As I prepare to go abroad in July, I continue to be surprised by how much I have to do, how hard it actually is to go abroad, how fast my departure date is approaching… going abroad is just one huge exciting mess. And a ton of (usually really minor) stuff always goes wrong.
How much I have to do:
Course equation requests. Language placement tests. Choose Australian insurance. Order a Visa. Order plug adapters. Buy a plane ticket. Sort out housing in Monash. The list goes on and on (and on and on…). I’m surprised people ever actually make it abroad, I keep getting hung up on this eternally long “to do” list (and I actually really like “to do” lists). It feels like I will spend the next year trying to check all of these boxes just so I can go abroad, and this is just what is required of me by OU and Monash. It doesn’t even include all the things I have to purchase/do to function in Australia once I get there (see: plug adaptors, unlocking bank card/credit card for international use, figuring out cell phone service…). But I’ve done this before (with slightly less red tape thanks to it being an OU program) and I made it then, and other people have made it abroad before. I know it all gets sorted out and eventually I get on the plane and arrive, and that’s what it’s all about. I just hope I don’t lose my head before then!
Things that go wrong:
For example: last time I went abroad I way overpacked with all the wrong clothes. And I had more information about where I was going than I do this time. I also had various little issues with hotels and taxis and communication… the list always goes on and on.
I’m trying to minimize the number of those mistakes for this trip, but I’m realizing (thankfully before I leave this time) that stuff is just going to happen. Maybe this time I won’t haul 30 lbs of clothes I won’t wear across an ocean, but something else will go wrong. Maybe I won’t have warm enough stuff for cold nights, or dry enough clothes for the rainy season. Maybe my taxi ride from the airport to my hotel won’t cost 90 euros this time, but it’ll take me hours to find it. Or it will take me to the wrong place first.

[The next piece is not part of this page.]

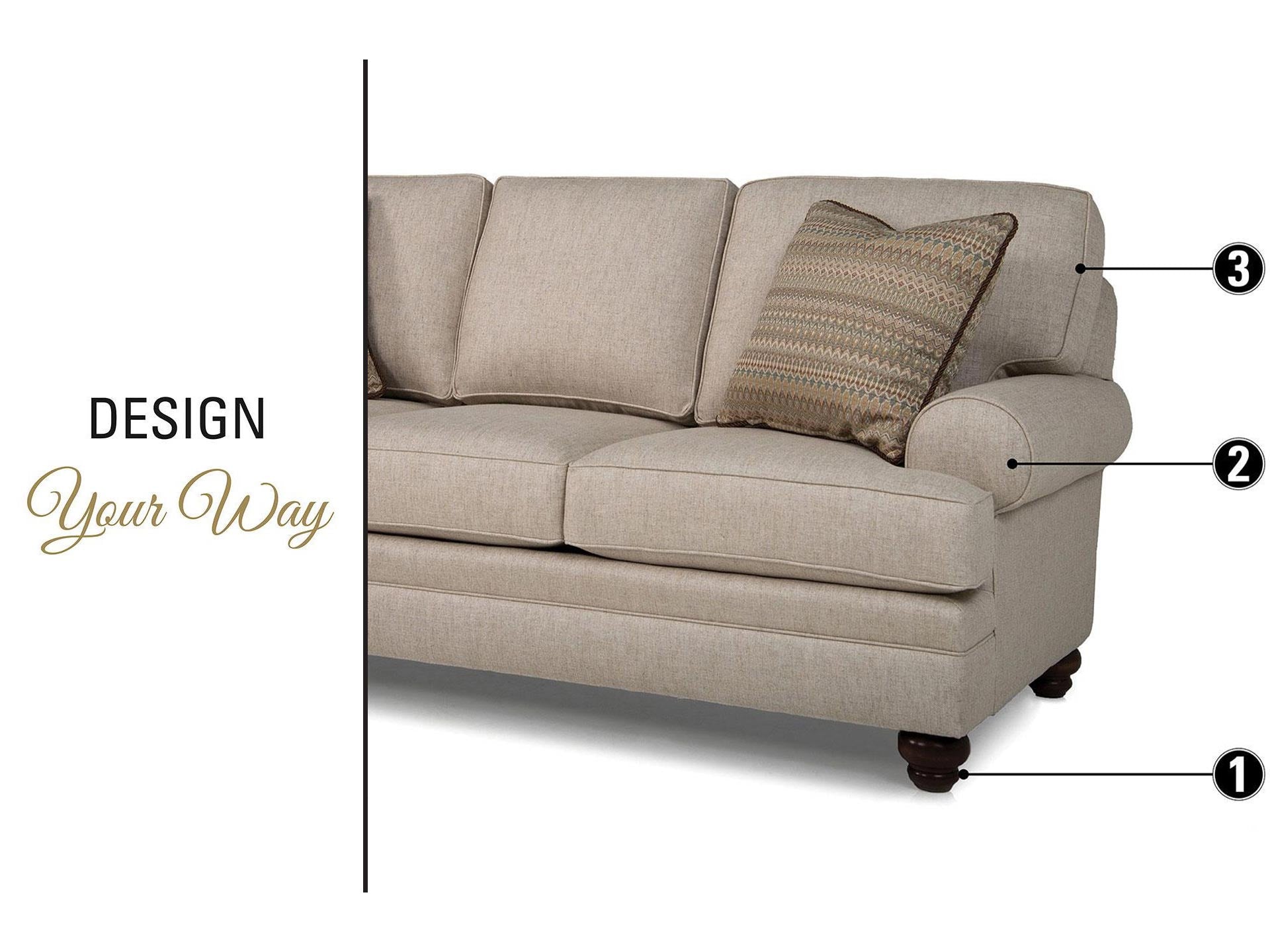 Smith Brothers 5331-C Fabric Sectional & 970 Fabric Ottoman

I’m not trying to be pessimistic or predict everything that will go wrong, my point is just that things are always going to happen. No one can prepare for every contingency, but, at least for “Type A” people like me, it’s really hard not to try. And that was how I wound up hauling 30 unnecessary lbs of unbearably hot dress clothes and uncomfortable shoes around the Italian train system for a week of my last study abroad (in addition to the other 30 lbs of junk with varying degrees of usefulness in my suitcase). I swore not to do that again, but because I’m a faithful believer in Murphy’s Law, I know I’ll just make another mistake instead. And that’s fine. If I can lug a 60 lb suitcase up and down multiple flights of stairs and down cobblestone streets and still have a good time in Italy, then I can handle whatever goes wrong with Australia and still have a good time. Big perk I’m seeing to semester long study abroad: guaranteed “home base” to store most stuff at so I can take light bags on weekend trips (see: no more hauling 60 lb suitcase).

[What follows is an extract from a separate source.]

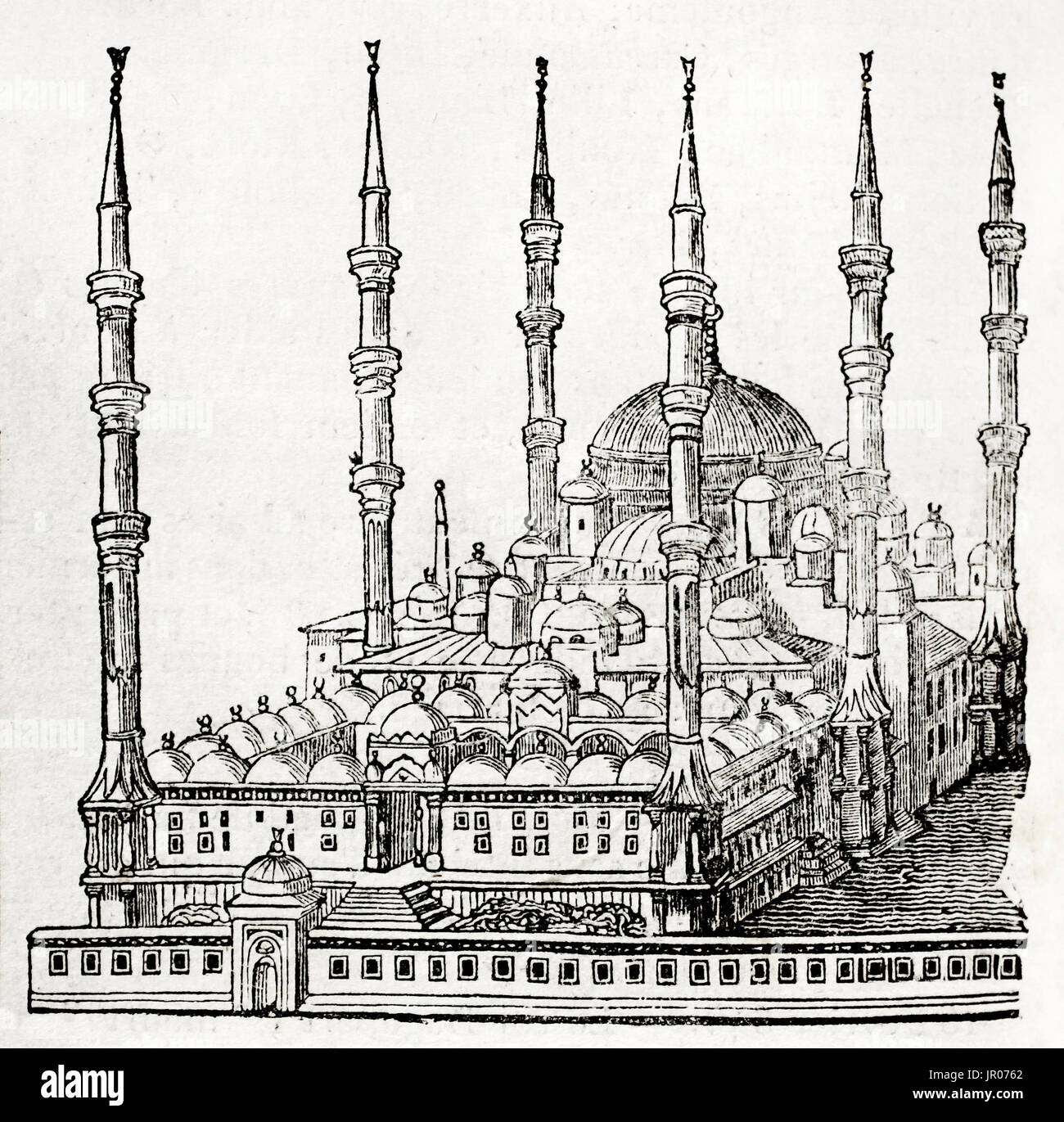 Ilustración de la antigua mezquita del Sultan Ahmed, Estambul. De autor desconocido, publicado en el Magasin pintoresco, 1833. Foto de stock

How fast my departure date is approaching:
Too fast. Not fast enough. It seems forever away, then I turn around and it’s May, and I leave two months from Saturday when I swear it was four months away a minute ago. It seems forever away through a mound of paperwork and purchases and phone calls to make, but then I clear another hurdle and it looks a lot closer. It’s one crazy psychological roller coaster that’s going to come to a screeching halt when my plane finally touches down in Melbourne. Then a whole new roller coaster starts.